Su amor es un amor total que no se guarda nada para sí, que no se ahorra sacrificios, un amor
que ama hasta los excesos de la locura: “Porque tanto amó Dios al mundo que dio a su Hijo
unigénito, para que todo el que crea en él no perezca, sino que tenga vida eterna”. (Jn 3,16). Un
amor que nos hace su ofrenda más preciosa, su Hijo amado. Y esta es precisamente la novedad
del cristianismo, un Dios que nos ama, al que podemos llamar “Padre”, y un Padre, que en lugar
de pedirnos, nos da. En muchas religiones y culturas los hombres han ofrecido sacrificios
humanos a sus dioses, e incluso han ofrecido a sus propios hijos; aquí pasa todo lo contrario,
aquí, es Dios quien ofrece a su Hijo en sacrificio por amor al hombre. Su amor es un amor sin
límites. “¿Acaso olvida una mujer a su niño, sin dolerse del hijo de sus entrañas? Pues aunque
esas personas se olvidasen, yo jamás te olvidaría” (Is 49,15).
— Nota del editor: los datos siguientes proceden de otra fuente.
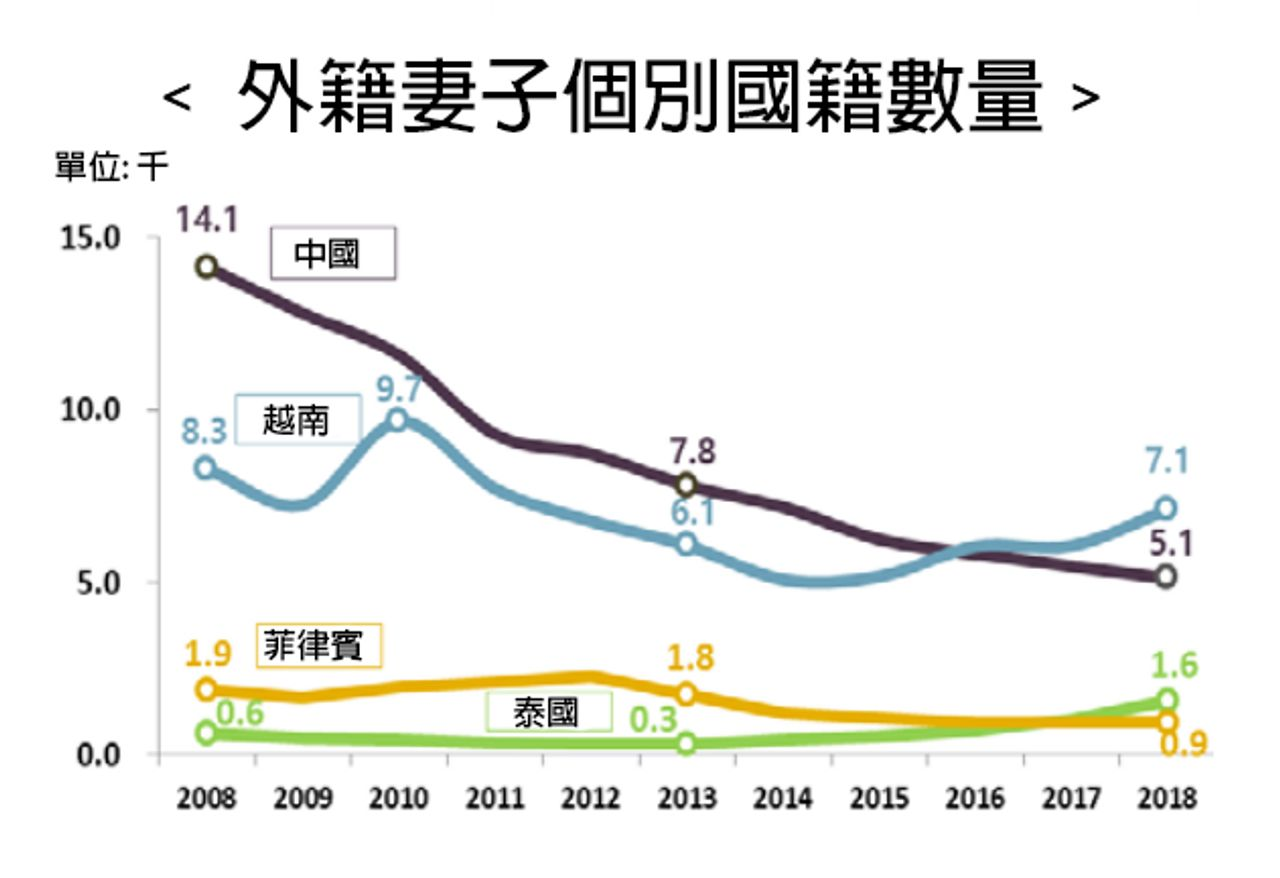 顯示中國、越南等不同國家外籍妻子人數變化的統計圖表。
Es un amor que lo abarca todo, un amor eterno, sin límites de tiempo, un amor que no se
acaba, un amor siempre estable, un amor que siempre permanece, y más aún, un amor del
que nada ni nadie nos puede separar: “...ni la muerte ni la vida ni los ángeles ni los principados
ni lo presente ni lo futuro ni las potestades ni la altura ni la profundidad ni otra criatura alguna
podrá separarnos del amor de Dios” (Rom 8,38-39).

Su amor, es un amor gratuito y tierno, que no exige nada a cambio, que no busca interés
alguno, o acaso ¿Qué puede necesitar Dios del hombre? No hay nada que el hombre pueda
hacer para que Dios le ame menos, ni nada que pueda hacer para que Él le ame más. No hay
seres a los que Dios ame más que a otros, simplemente hay personas que se dejan amar más
que otras. “Cuando Israel era niño lo amé, y de Egipto llamé a mi hijo. Cuanto más los llamaba,
más se alejaban de mí: ofrecían sacrificios a los Baales, e incienso a los ídolos. Yo enseñé a
caminar a Efraín, tomándole por los brazos, pero ellos no sabían que yo los cuidaba. Con
cuerdas humanas los atraía, con lazos de amor, yo era para ellos como los que alzan a un niño
contra su mejilla, me inclinaba hacia él y le daba de comer.” (Os 11, 1-4).

María es la obra perfecta del Amor de Dios. Ella como ninguna otra criatura se dejó amar por Él
y embellecer con sus gracias. Así mismo, todo consagrado a María, al tenerla a Ella por Madre,
debe tener a Dios por Padre amorosísimo y dejarse llenar por su ternura y misericordia.